Tune Org Change Tactics to How Minds Work
The standard model for driving organizational change is to tell employees a compelling story of why they must change; have leaders model the new behaviors; create reinforcing mechanisms (systems, processes, incentives) and build capability or the employee skills required to enact the new behaviors. Despite it common sense appeal and academic grounding, this model rarely if ever fully works. But why?
According to the authors of The Irrational Side of Change Management in the McKinsey Quarterly, the answer is that change leaders fail to take into account the “irrational but predictable” aspects of how employees interpret their environment and decide to act. This is of course just another way of saying that they don’t factor the cognitive needs of employees into the implementation and therefore fail to produce results.
The authors offer nine suggestions and insights, and I quote:
1. What motivates you doesn’t motivate most of your employees (pertains to crafting a compelling story)
2. Your better off letting them write their own story
3. It takes a story with both + and – to create real energy
4. Leaders believe mistakenly that they already “are the change”

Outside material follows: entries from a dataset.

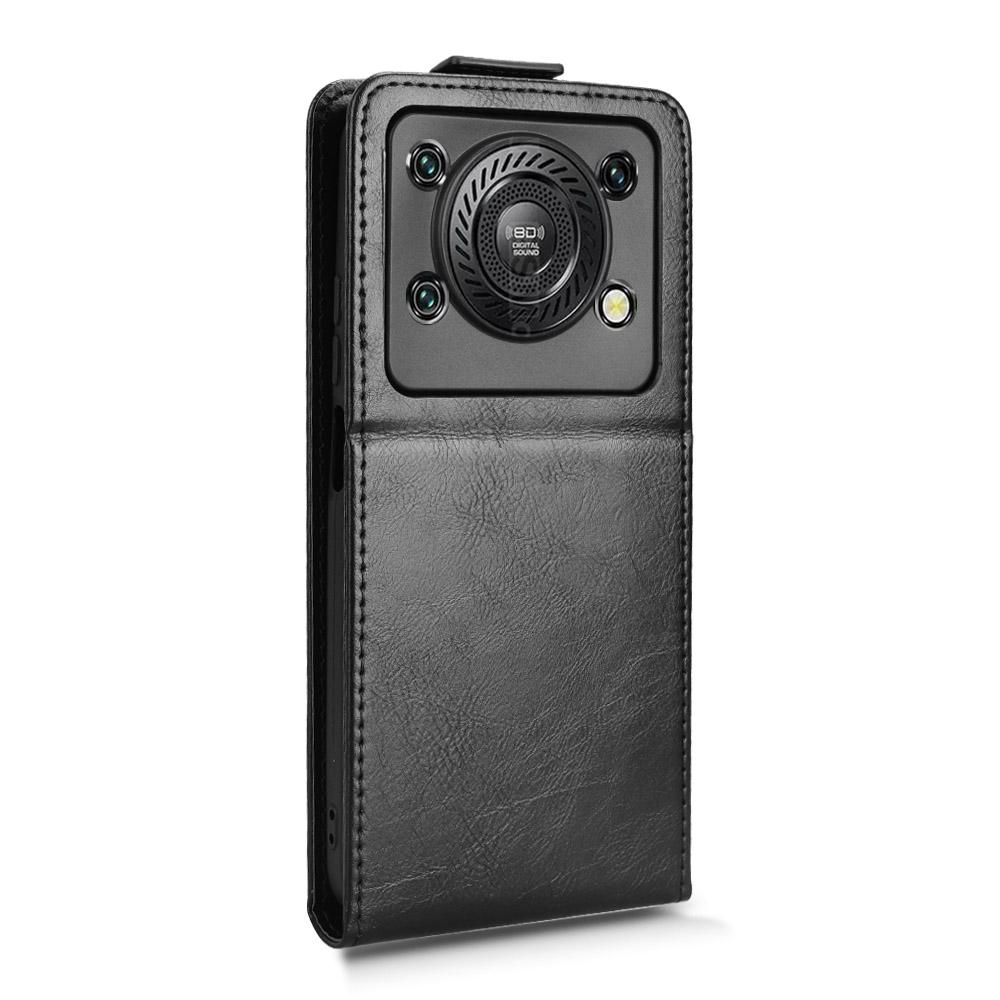 For Oukitel C60 Pro/C60 Stand Case Magnetic Clasp Vertical Flip Leather Phone Cover with Card Holder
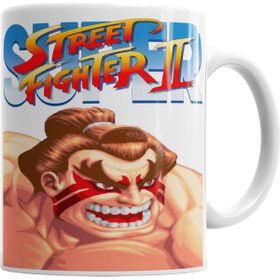 Baskı Dükkanı KB4272 Street Fighter Honda Porselen Kupa Bardak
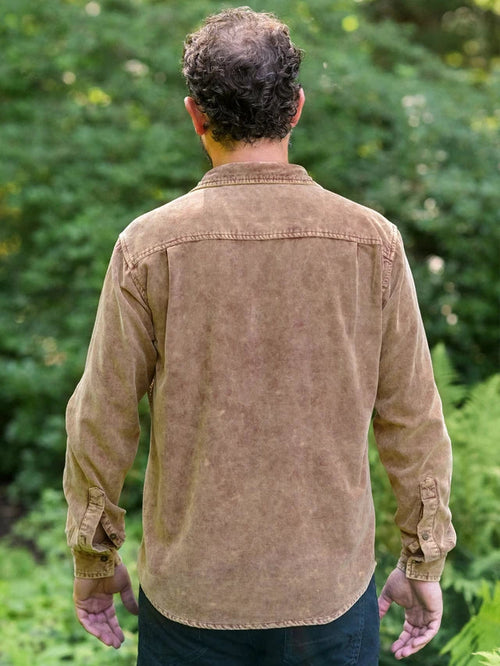 April Cornell Woodlands Washed Corduroy Shirt - Brown
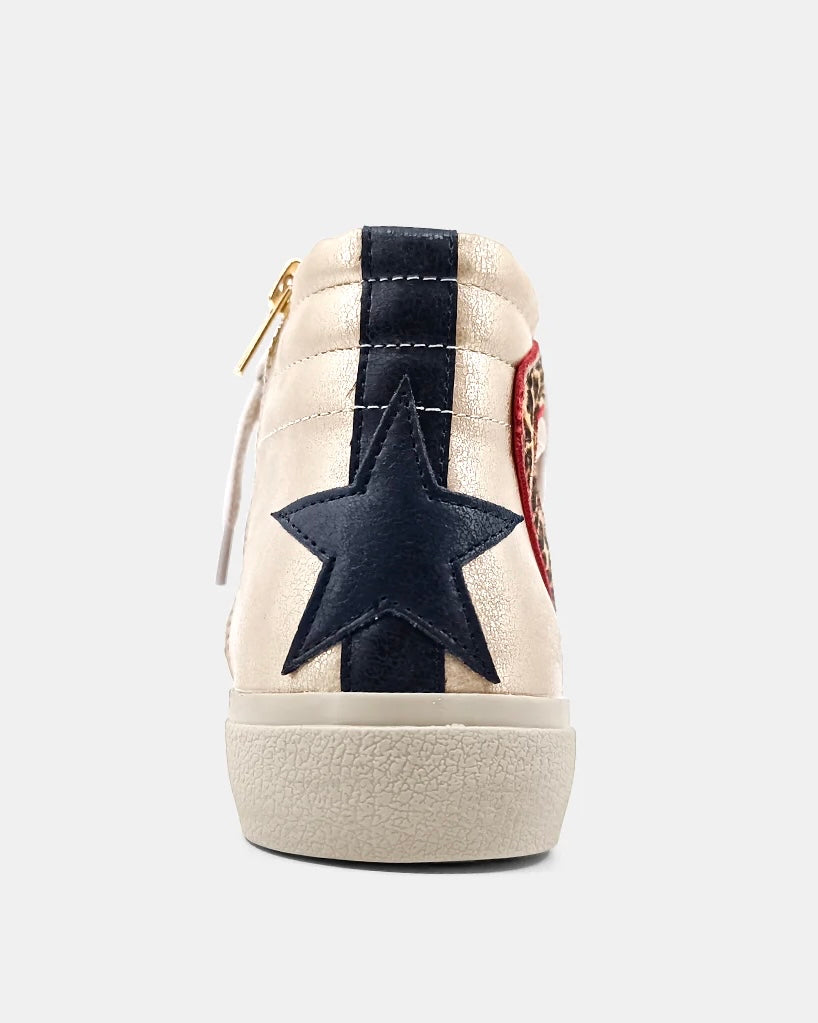 Rooney Gold Crinkle Sneaker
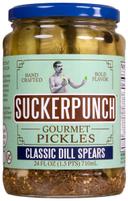 Sucker Punch Classic Dill Spears Pickle, 24 Ounce -- 6 per case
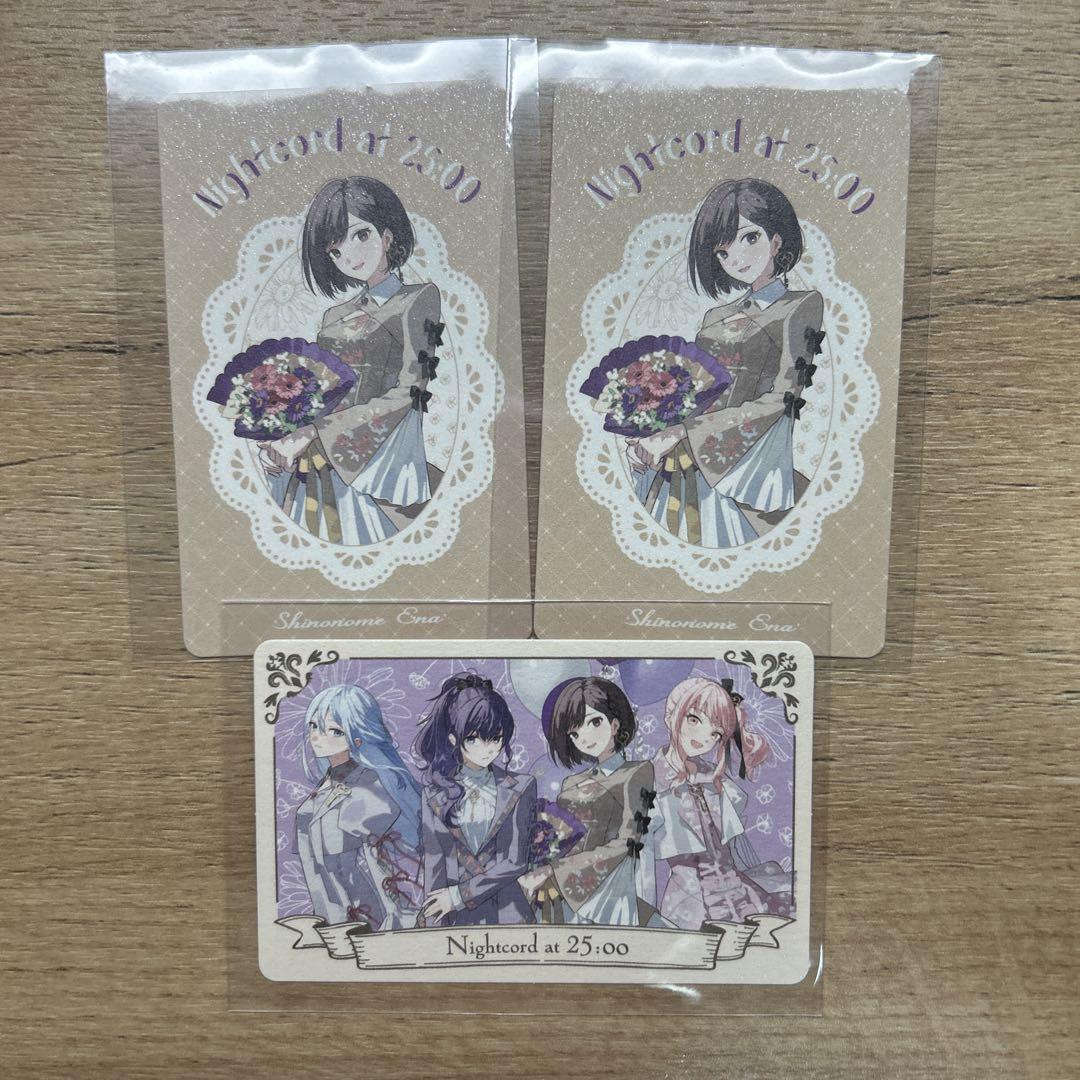 プロセカ　東雲絵名　感謝祭　グリーティングカード　グリカ 東雲絵名 プロセカ 感謝祭 4周年 2024 グリーティングカード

5. Influence leaders aren’t a panacea for making change happen
6. Money is the most expensive way to motivate people
7. The process and outcome have got to be fair
8. Employees are what they think, feel and believe in
9. Good intentions are not enough
Points 2, 4, 6, and most strongly 8 have all been made in this blog many times. The article is worth a read for anyone wanting to take a cognitive approach to group behavior or organizational change.